Web search engines by default will crawl (like a “spider”) over all visible and interesting sites to build a comprehensive and hopefully useful search index. If you have a site that you would like excluded from these public search indexes, you can “respectfully request” to be unlisted using a “robots.txt” file. Friendly search engine spiders that obey well-established convention will look for a robots.txt file on your server and if present, read and honor your properly-formatted directives to ignore all (or part) of your site when crawling and indexing. If you request that your entire site be ignored, a well-behaved web spider (or “robot”) will politely crawl on by without a second glance at your site.
In addition to a little privacy, your robots.txt file is a polite way to save the robot from doing extra work reading and indexing a site that should not be included in search results. This is good etiquette for web site administrators who prefer their Internet-accessible site to be unlisted.
Some popular content management systems may include an option or setting to exclude your site from search results. These easy settings will make sure that web-crawling robotic spiders find an appropriately-formatted robots.txt file when visiting your site.

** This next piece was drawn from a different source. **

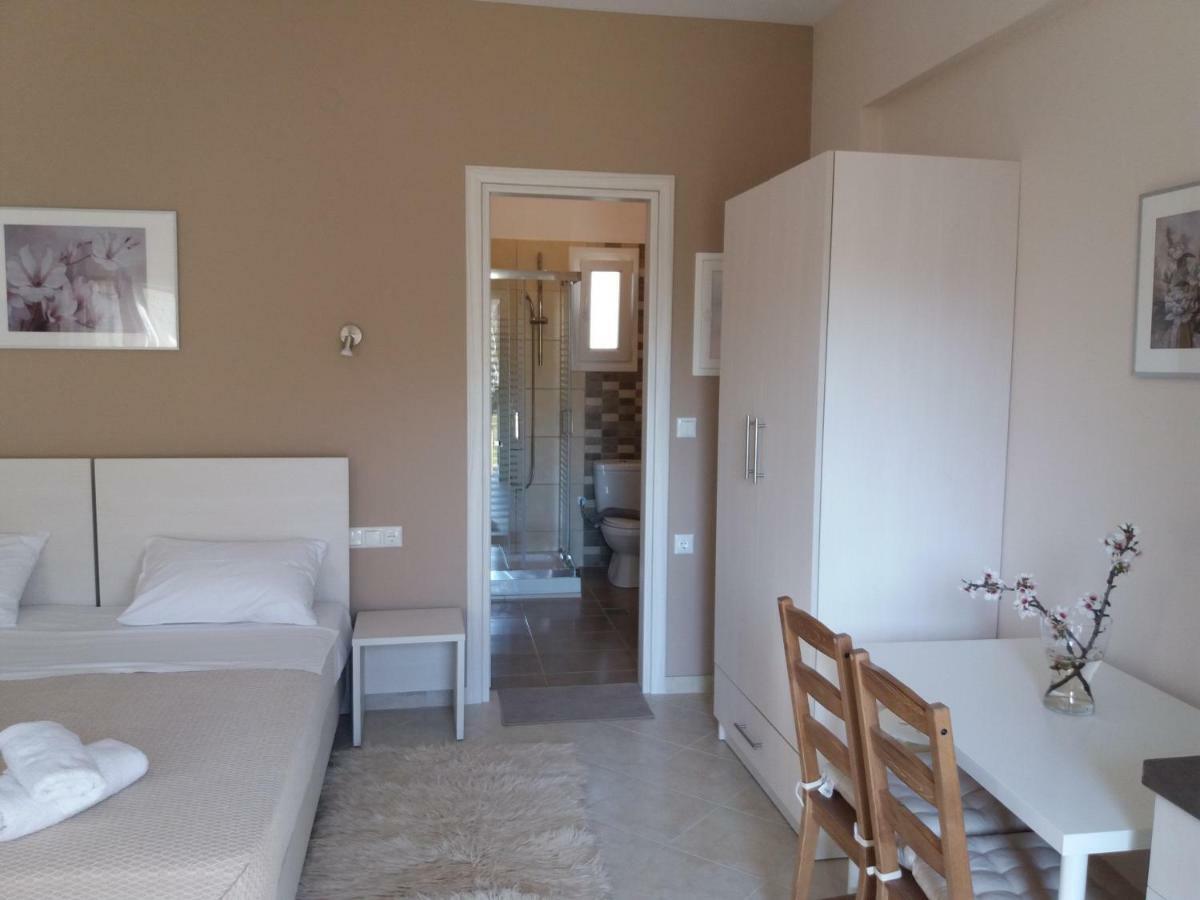 Dimitriou Rooms Glyki Exterior foto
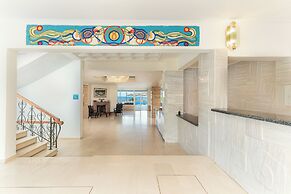 Kamari Beach Hotel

For others who manage the actual back-end website files, place a plain text file called “robots.txt” in the root of your web content directory with contents similar to the following:
User-agent: * Disallow: /
Please NOTE that this does *NOT* add any security to your site. It does not block any access and it does not prevent mis-behaving web spiders from reading and adding your site to their search index. To test whether your “robots.txt” is functioning properly, append “/robots.txt” to your server base URL while testing from a public computer. You should see the contents of your robots.txt file in the browser (or on “view source” if you get a blank page). A good example might be the Google main robots.txt file at http://www.google.com/robots.txt (note the robot directives in the Google file are much more complex than the simple example given here).
As you may have deduced, there is a lot of flexibility to pick and choose which sections of a site you would like to remain unlisted (and un-crawled). For starters, see the Wikipedia article for “Robots exclusion standard”.